Bearing this in mind, I imagine that if you compare different centrally planned economies, you may find that the key distinction between those that failed and those that succeeded was in whether they were being put to proper use.

I would assume that the post-war Japanese centrally planned economy worked so well primarily because it was being operated by highly competant, driven individuals who shared a common cause and goals - helping the nation recover from the ravages of the war, and achieving security and stability in a now wildly chaotic Cold War world.

But once affluence and comfort was achieved, that's when the culture of management began to shift away from civic duty and running the country well, and instead toward eventually embracing the culture of unbridled greed and exploitation that would come to typify the 1980s. More or less the same economic system was in place, but now the people operating it had a different agenda, different goals to pursue, and different definitions of success.

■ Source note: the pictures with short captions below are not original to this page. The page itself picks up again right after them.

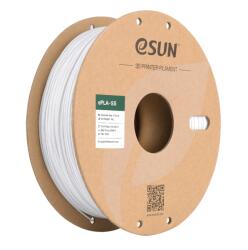 eSUN ePLA-SS Super Speed 3D nyomtató filament 1.75 mm, 1 kg Hideg fehér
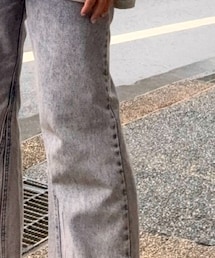 Knuth Marf | デニムパンツ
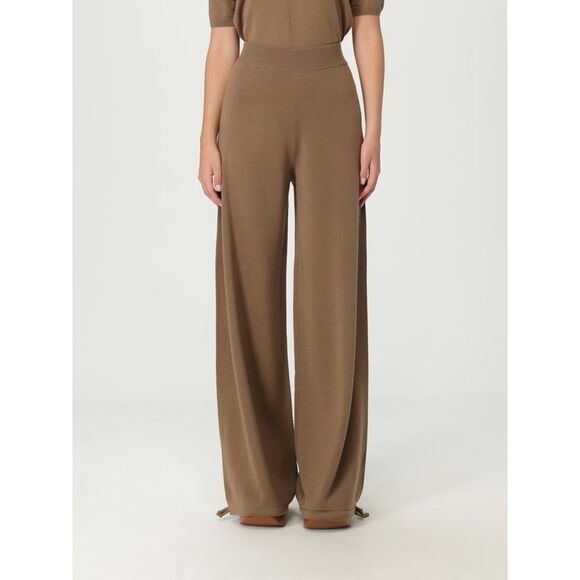 Max Mara Pants Woman Hazel
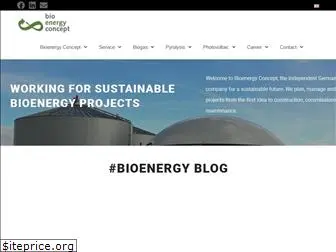 bioenergy-concept.com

On a similar note, I believe the reason that the managed German car industry has done so much better than the managed French car industry is one of simple competance. To my knowledge, there wasn't a markedly different approach to how they ran their respective industries, or a meaningful difference in their intentions or dedication - it's just that the French didn't really know what the hell they were doing, and all the good intentions in the world couldn't fix that fact for them.

Unknown said...

I would agree with G., that a lot of factors are in play, and salient among them must be the condition of the expert personnel (management, engineering, design, etc.) and the sense of national purpose.

Probably the place to start would be studying each case individually and in fair detail. This is why an essentially ideological or philosophical approach like that of Commanding Heights ends up begging questions.

Overall, I suspect you probably can't have large-scale economic development without state involvement one way or the other. My impression of both the Gilded Age and the last thirty years or so in this country is that what business really means by deregulation and the government getting off their backs is not that government does nothing, but that government does what they want. Certainly a lot of the key industries of the late nineteenth century like railroads, coal, and ranching prospered because government at every level was willing to make or guarantee cheap loans, let out land at bargain rates, enforce labor discipline and provide mass convict labor, etc.

In other words (and here's my own philosophical, question-begging statement) I have a hunch you can't tell any economic history without talking about the active role of the state. The countries and regions that a non-expert like me thinks of as having chronically weak economies--Greece, much of sub-Saharan Africa, much of Latin America--tend to have weak governments that aren't capable of doing much, either to please business or people who like central planning.

On individual cases, two points. First, the US economy wasn't exactly state run during WWII. The government worked with private industry on various boards and commissions to establish what needed to be done and how it could be done most effectively. The relative harmony created by a shared sense of purpose that all believed was both exigent and temporary helped.

Second, it's a bit disingenuous to just casually stick "Stalin in the 30s" in there with all the others. There's central direction, and then there's central direction with state terror and mass death on an eye-goggling scale as routine tools of policy.